### [TASK INSTRUCTIONS]
Set down the material again. Keep every line exactly as it is.

### [TASK INPUT]
-- Opening Marker --
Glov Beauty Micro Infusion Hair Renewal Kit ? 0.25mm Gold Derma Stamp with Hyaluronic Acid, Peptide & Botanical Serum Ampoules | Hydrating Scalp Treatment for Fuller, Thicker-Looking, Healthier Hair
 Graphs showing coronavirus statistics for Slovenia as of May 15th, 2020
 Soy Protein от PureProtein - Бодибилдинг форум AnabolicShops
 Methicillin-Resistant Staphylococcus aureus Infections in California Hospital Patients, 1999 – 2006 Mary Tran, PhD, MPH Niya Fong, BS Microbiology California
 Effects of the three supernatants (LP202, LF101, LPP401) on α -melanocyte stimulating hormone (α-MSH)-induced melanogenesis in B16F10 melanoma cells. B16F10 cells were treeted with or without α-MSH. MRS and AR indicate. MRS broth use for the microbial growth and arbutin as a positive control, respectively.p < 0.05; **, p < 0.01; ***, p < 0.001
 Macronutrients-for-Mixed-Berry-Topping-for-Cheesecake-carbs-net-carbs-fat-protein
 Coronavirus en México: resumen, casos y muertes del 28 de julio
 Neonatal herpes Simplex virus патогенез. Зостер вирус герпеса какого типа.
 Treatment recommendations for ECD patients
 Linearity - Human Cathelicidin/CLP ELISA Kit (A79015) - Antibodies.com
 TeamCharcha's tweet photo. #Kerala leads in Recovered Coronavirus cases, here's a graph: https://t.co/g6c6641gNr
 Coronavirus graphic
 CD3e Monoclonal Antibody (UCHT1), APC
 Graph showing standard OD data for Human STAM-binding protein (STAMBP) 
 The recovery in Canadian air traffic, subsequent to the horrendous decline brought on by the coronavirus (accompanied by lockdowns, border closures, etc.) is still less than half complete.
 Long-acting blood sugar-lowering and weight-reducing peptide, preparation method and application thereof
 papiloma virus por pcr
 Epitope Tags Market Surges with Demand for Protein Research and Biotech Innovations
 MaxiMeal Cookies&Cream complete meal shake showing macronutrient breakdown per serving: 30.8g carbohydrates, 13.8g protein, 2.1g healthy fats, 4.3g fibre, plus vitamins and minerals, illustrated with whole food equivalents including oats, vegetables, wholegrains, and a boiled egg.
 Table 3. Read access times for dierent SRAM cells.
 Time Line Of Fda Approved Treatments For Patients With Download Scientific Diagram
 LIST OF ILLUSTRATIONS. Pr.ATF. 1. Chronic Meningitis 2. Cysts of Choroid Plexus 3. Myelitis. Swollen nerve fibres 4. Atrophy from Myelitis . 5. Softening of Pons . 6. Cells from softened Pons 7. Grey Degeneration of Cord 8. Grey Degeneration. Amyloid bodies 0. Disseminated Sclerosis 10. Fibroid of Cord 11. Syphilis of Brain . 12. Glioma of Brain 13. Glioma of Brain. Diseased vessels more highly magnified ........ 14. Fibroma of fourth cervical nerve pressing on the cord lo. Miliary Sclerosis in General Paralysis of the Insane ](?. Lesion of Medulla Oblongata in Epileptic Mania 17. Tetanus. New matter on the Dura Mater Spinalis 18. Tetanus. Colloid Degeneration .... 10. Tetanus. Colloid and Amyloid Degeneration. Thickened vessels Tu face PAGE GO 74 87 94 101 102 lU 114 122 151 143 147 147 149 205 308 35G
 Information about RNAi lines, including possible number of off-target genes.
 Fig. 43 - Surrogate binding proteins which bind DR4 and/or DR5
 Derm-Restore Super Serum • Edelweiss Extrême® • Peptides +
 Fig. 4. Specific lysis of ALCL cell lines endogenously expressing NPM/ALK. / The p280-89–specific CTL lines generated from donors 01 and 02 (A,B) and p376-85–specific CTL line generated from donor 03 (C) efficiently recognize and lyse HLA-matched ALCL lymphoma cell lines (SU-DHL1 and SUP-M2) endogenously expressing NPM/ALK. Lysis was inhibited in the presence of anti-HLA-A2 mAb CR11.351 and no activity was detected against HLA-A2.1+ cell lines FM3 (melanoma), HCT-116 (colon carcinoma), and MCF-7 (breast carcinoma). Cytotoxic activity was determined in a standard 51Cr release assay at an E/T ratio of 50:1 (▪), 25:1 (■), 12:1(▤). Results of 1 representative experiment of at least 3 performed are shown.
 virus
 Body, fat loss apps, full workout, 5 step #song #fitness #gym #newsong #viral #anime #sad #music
-- Closing Marker --
### [ANSWER TO THIS TASK]
Glov Beauty Micro Infusion Hair Renewal Kit ? 0.25mm Gold Derma Stamp with Hyaluronic Acid, Peptide & Botanical Serum Ampoules | Hydrating Scalp Treatment for Fuller, Thicker-Looking, Healthier Hair
 Graphs showing coronavirus statistics for Slovenia as of May 15th, 2020
 Soy Protein от PureProtein - Бодибилдинг форум AnabolicShops
 Methicillin-Resistant Staphylococcus aureus Infections in California Hospital Patients, 1999 – 2006 Mary Tran, PhD, MPH Niya Fong, BS Microbiology California
 Effects of the three supernatants (LP202, LF101, LPP401) on α -melanocyte stimulating hormone (α-MSH)-induced melanogenesis in B16F10 melanoma cells. B16F10 cells were treeted with or without α-MSH. MRS and AR indicate. MRS broth use for the microbial growth and arbutin as a positive control, respectively.p < 0.05; **, p < 0.01; ***, p < 0.001
 Macronutrients-for-Mixed-Berry-Topping-for-Cheesecake-carbs-net-carbs-fat-protein
 Coronavirus en México: resumen, casos y muertes del 28 de julio
 Neonatal herpes Simplex virus патогенез. Зостер вирус герпеса какого типа.
 Treatment recommendations for ECD patients
 Linearity - Human Cathelicidin/CLP ELISA Kit (A79015) - Antibodies.com
 TeamCharcha's tweet photo. #Kerala leads in Recovered Coronavirus cases, here's a graph: https://t.co/g6c6641gNr
 Coronavirus graphic
 CD3e Monoclonal Antibody (UCHT1), APC
 Graph showing standard OD data for Human STAM-binding protein (STAMBP) 
 The recovery in Canadian air traffic, subsequent to the horrendous decline brought on by the coronavirus (accompanied by lockdowns, border closures, etc.) is still less than half complete.
 Long-acting blood sugar-lowering and weight-reducing peptide, preparation method and application thereof
 papiloma virus por pcr
 Epitope Tags Market Surges with Demand for Protein Research and Biotech Innovations
 MaxiMeal Cookies&Cream complete meal shake showing macronutrient breakdown per serving: 30.8g carbohydrates, 13.8g protein, 2.1g healthy fats, 4.3g fibre, plus vitamins and minerals, illustrated with whole food equivalents including oats, vegetables, wholegrains, and a boiled egg.
 Table 3. Read access times for dierent SRAM cells.
 Time Line Of Fda Approved Treatments For Patients With Download Scientific Diagram
 LIST OF ILLUSTRATIONS. Pr.ATF. 1. Chronic Meningitis 2. Cysts of Choroid Plexus 3. Myelitis. Swollen nerve fibres 4. Atrophy from Myelitis . 5. Softening of Pons . 6. Cells from softened Pons 7. Grey Degeneration of Cord 8. Grey Degeneration. Amyloid bodies 0. Disseminated Sclerosis 10. Fibroid of Cord 11. Syphilis of Brain . 12. Glioma of Brain 13. Glioma of Brain. Diseased vessels more highly magnified ........ 14. Fibroma of fourth cervical nerve pressing on the cord lo. Miliary Sclerosis in General Paralysis of the Insane ](?. Lesion of Medulla Oblongata in Epileptic Mania 17. Tetanus. New matter on the Dura Mater Spinalis 18. Tetanus. Colloid Degeneration .... 10. Tetanus. Colloid and Amyloid Degeneration. Thickened vessels Tu face PAGE GO 74 87 94 101 102 lU 114 122 151 143 147 147 149 205 308 35G
 Information about RNAi lines, including possible number of off-target genes.
 Fig. 43 - Surrogate binding proteins which bind DR4 and/or DR5
 Derm-Restore Super Serum • Edelweiss Extrême® • Peptides +
 Fig. 4. Specific lysis of ALCL cell lines endogenously expressing NPM/ALK. / The p280-89–specific CTL lines generated from donors 01 and 02 (A,B) and p376-85–specific CTL line generated from donor 03 (C) efficiently recognize and lyse HLA-matched ALCL lymphoma cell lines (SU-DHL1 and SUP-M2) endogenously expressing NPM/ALK. Lysis was inhibited in the presence of anti-HLA-A2 mAb CR11.351 and no activity was detected against HLA-A2.1+ cell lines FM3 (melanoma), HCT-116 (colon carcinoma), and MCF-7 (breast carcinoma). Cytotoxic activity was determined in a standard 51Cr release assay at an E/T ratio of 50:1 (▪), 25:1 (■), 12:1(▤). Results of 1 representative experiment of at least 3 performed are shown.
 virus
 Body, fat loss apps, full workout, 5 step #song #fitness #gym #newsong #viral #anime #sad #music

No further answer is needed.